● Requirement: Go through the listing below and retype exactly the lines starting at the one with "3d render cinema" and ending at the one with "Sleeper Sofa Loveseat", skipping pictures.

● Given records:
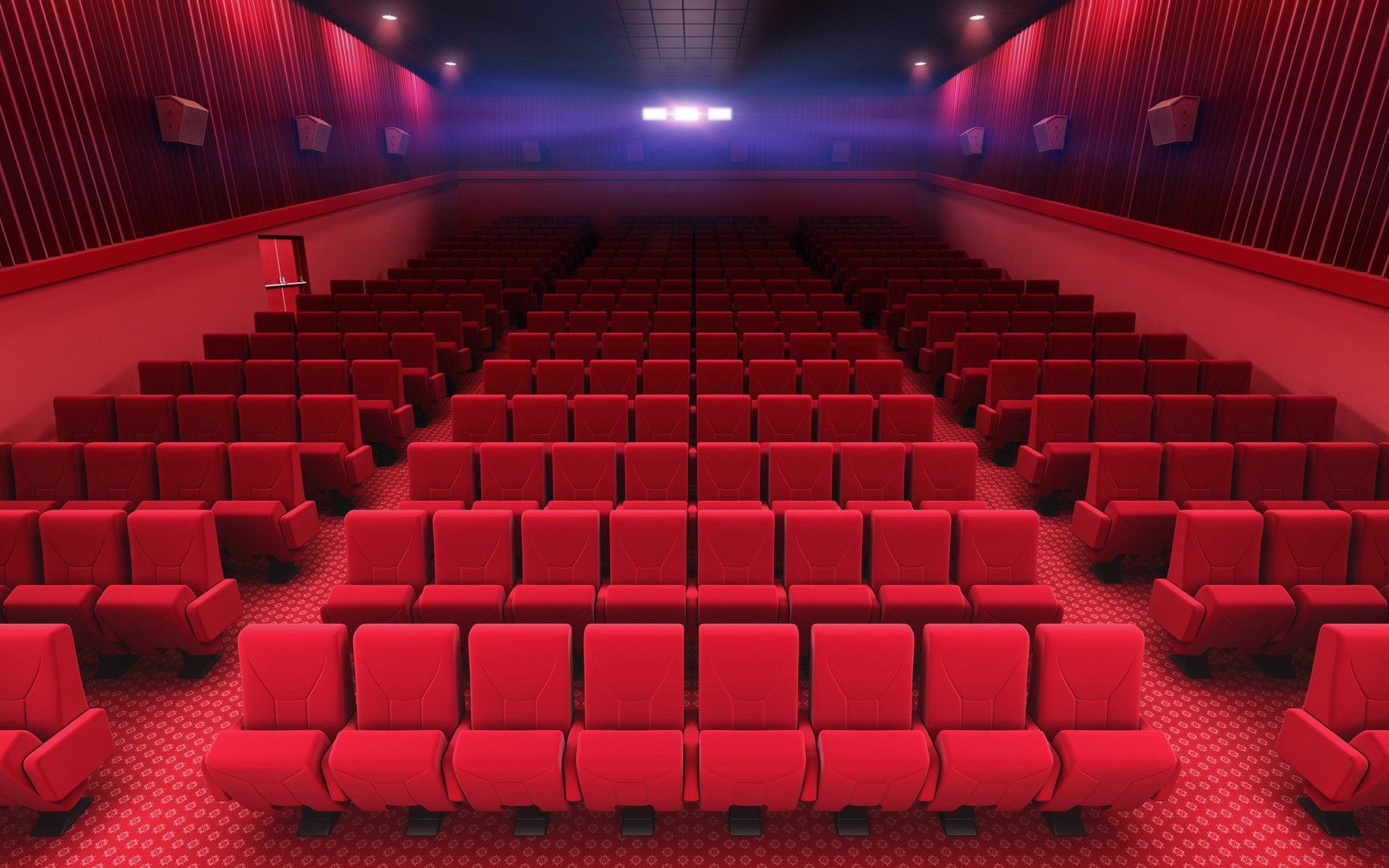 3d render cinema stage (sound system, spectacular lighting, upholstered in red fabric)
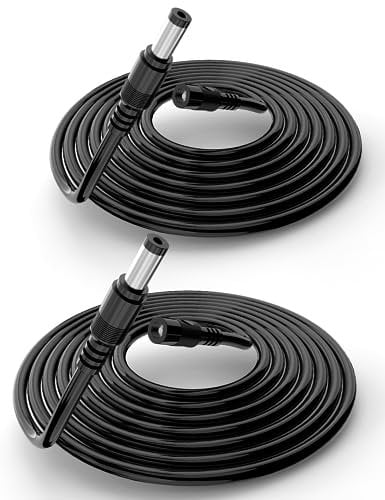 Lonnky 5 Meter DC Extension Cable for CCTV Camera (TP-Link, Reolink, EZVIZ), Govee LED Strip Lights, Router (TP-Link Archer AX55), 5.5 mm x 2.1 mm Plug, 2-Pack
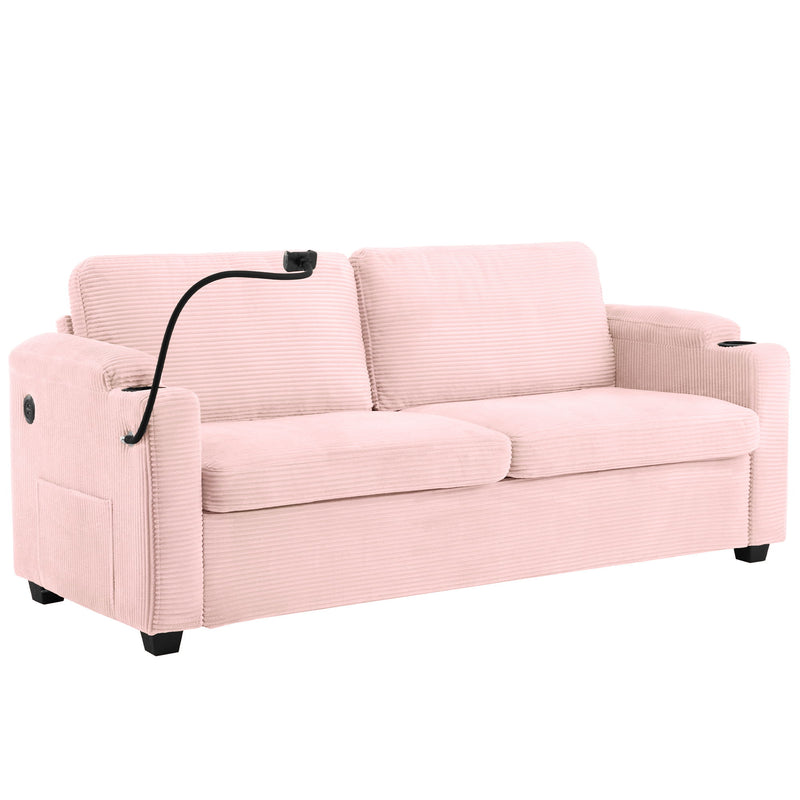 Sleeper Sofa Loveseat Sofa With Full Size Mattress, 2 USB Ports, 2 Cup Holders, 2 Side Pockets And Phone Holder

--

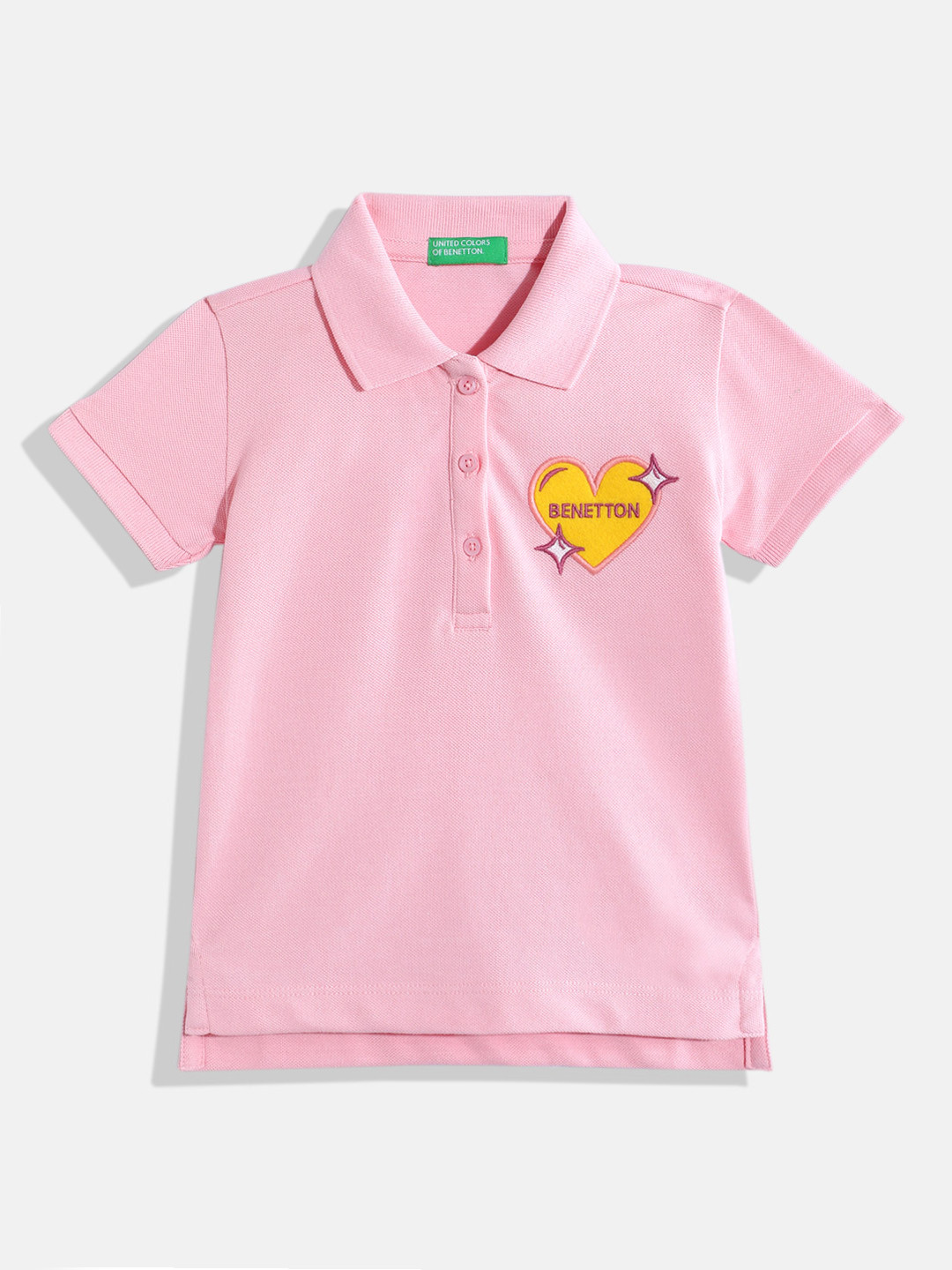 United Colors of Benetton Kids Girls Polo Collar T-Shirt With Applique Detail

● The answer:
 3d render cinema stage (sound system, spectacular lighting, upholstered in red fabric)
 Lonnky 5 Meter DC Extension Cable for CCTV Camera (TP-Link, Reolink, EZVIZ), Govee LED Strip Lights, Router (TP-Link Archer AX55), 5.5 mm x 2.1 mm Plug, 2-Pack
 Sleeper Sofa Loveseat Sofa With Full Size Mattress, 2 USB Ports, 2 Cup Holders, 2 Side Pockets And Phone Holder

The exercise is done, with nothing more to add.